The project took the image of Kannada Braille script and segmented the image in
to line by using the relative position of the dots.  After line
segmentation was done, Braille characters were separated using inter character
distance parameter. The recognized Braille character was translated into Kannada
alphabet and saved in a document. The methodology used in this paper
achieved more than 98% accuracy.

Ravi et.al 8 projected
a research to convert hand punched Kannada Braille Characters using knowledge
based multi decision method. Braille dots were carefully separated depending on the location of the dots. The inter character
distance was used to group the dots into a word box. The system was designed to
recognize the braille dot and it was converted to Kannada character.

Bijet et.al
9 presented a research work to convert Odia, Hindi, Telugu
and English braille documents into its corresponding language.
The algorithm used the
technique of histogram analysis, segmentation, pattern recognition, letter
arrays, data base generation with testing in software and dumping in using
Spartan 3e FPGA kit which defined the dot patterns for the alphabets.

Sudhir Rao et al. 10 proposed a research work to convert Kannada Braille document taken by a
camera, into Kannada script or audio. As a first step the color image of input
image was converted to unicolor
space for processing.
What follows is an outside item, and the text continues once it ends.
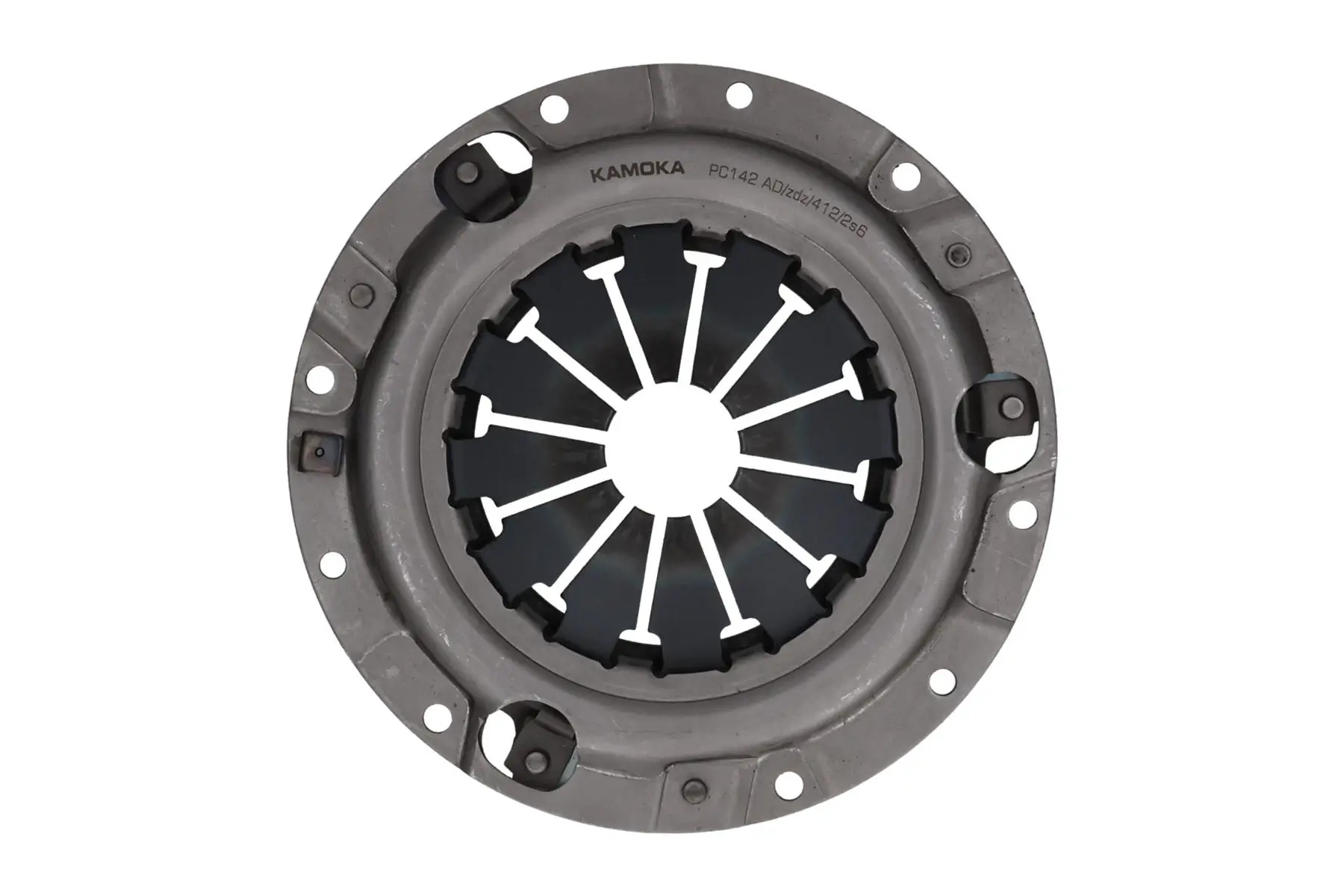 Kupplungsdruckplatte KAMOKA PC142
An automated thresholding algorithm was applied to
get the area of interest and segmentation technique was applied and recognition
of letter was done based
on highlighted dot in Braille document.  All algorithms were implemented for a Xilinx
Spartan 3E FPGA using Verilog HDL language and
were executed in real time. An accuracy of over 94% was attained in Braille
segmentation and detection.

Ann Jose et.al 11 projected a
work on changing the Malayalam Braille document to text and concatenative
speech synthesis
technique was used for speech conversion. The image was captured by CMOS image
sensor and then the image was converted to binary image by calculating the
threshold using histogram analysis. Filtering technique was applied to remove
the noise. The row and column grouping of dots was done based on the spacing
between dots to identify the Braille cell. Presence of dot will be represented
as 1 and absence as 0 and a six-digit binary number was generated. Using this
binary number Malayalam character mapping was done and speech synthesizer was
used for audio conversion.